What is expected: Once you have located the line containing "JBL Boombox 3" in the material below, return it exactly along with each line after it through the line containing "HIGH SCHOOL DISCO".

****************************************

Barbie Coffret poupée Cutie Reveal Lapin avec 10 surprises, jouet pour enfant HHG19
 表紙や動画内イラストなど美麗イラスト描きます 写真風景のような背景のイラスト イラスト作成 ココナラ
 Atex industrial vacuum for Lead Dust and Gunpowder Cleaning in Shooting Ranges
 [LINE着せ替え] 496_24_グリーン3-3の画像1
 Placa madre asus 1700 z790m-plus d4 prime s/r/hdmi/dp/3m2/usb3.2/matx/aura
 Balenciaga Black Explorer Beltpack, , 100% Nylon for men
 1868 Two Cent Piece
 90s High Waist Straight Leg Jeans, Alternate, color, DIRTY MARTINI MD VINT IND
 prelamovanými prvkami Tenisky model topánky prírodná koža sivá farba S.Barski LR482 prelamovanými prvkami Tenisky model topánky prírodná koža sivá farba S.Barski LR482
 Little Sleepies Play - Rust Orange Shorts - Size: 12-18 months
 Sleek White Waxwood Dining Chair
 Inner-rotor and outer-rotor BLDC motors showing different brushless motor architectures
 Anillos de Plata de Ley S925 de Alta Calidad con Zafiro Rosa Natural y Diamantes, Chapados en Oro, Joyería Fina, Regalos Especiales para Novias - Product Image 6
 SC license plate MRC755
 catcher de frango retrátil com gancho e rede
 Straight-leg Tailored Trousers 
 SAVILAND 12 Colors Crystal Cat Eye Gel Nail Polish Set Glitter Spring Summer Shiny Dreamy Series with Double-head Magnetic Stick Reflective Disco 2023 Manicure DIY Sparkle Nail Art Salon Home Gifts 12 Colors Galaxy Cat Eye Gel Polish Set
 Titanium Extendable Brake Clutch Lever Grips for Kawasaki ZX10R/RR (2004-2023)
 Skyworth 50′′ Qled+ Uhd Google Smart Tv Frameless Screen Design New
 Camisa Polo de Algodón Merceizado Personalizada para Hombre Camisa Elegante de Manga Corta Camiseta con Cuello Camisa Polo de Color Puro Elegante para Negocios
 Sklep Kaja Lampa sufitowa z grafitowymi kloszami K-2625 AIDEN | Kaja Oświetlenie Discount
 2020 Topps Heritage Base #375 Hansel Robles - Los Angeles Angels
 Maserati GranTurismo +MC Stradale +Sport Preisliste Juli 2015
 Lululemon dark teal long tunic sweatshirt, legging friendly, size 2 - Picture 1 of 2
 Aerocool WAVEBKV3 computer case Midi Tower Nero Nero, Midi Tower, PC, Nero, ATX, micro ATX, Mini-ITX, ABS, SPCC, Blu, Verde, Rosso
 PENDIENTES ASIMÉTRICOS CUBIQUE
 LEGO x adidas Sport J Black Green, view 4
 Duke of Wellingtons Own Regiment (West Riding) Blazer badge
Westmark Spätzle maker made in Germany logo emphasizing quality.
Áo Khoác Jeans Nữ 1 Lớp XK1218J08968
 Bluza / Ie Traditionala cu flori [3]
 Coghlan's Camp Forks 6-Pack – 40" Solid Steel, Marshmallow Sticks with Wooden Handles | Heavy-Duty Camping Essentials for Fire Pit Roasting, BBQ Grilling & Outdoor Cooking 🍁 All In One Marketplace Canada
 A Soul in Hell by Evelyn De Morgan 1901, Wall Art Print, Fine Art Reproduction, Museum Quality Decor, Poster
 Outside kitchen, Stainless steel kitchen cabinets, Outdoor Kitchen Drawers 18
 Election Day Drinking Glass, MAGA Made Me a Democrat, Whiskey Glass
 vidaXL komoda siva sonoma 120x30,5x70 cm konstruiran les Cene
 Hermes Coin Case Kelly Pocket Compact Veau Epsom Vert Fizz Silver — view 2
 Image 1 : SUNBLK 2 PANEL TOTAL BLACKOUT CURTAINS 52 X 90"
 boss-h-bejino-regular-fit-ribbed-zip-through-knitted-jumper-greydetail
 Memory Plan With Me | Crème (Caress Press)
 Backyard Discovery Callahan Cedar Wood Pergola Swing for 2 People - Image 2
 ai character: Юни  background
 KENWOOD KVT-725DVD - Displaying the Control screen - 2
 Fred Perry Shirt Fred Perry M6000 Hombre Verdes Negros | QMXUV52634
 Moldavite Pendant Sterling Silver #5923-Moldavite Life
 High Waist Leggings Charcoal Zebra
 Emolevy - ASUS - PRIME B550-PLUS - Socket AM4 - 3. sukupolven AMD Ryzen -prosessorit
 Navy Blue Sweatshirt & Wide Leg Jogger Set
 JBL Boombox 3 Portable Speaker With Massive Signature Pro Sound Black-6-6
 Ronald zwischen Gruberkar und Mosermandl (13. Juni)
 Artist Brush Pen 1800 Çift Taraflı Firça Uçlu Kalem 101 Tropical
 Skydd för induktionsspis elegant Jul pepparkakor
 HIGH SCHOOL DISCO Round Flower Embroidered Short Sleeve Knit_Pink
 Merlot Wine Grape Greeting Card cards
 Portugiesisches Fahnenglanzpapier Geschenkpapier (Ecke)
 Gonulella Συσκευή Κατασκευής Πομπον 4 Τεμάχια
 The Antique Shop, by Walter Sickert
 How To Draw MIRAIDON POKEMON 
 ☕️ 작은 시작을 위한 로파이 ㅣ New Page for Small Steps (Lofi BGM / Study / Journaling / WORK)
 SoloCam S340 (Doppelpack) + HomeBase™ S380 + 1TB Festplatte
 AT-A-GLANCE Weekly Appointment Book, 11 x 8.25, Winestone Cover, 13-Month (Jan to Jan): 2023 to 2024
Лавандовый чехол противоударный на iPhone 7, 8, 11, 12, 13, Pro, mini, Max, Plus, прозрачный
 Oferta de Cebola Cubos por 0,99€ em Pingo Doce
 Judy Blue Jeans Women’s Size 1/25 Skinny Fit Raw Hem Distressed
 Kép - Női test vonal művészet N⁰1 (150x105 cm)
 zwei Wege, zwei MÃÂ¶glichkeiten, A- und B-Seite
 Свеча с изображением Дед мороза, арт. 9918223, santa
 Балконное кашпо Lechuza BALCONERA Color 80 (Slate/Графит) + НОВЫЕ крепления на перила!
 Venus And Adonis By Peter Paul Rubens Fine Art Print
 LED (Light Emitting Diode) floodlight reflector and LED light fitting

****************************************

Task result:
 JBL Boombox 3 Portable Speaker With Massive Signature Pro Sound Black-6-6
 Ronald zwischen Gruberkar und Mosermandl (13. Juni)
 Artist Brush Pen 1800 Çift Taraflı Firça Uçlu Kalem 101 Tropical
 Skydd för induktionsspis elegant Jul pepparkakor
 HIGH SCHOOL DISCO Round Flower Embroidered Short Sleeve Knit_Pink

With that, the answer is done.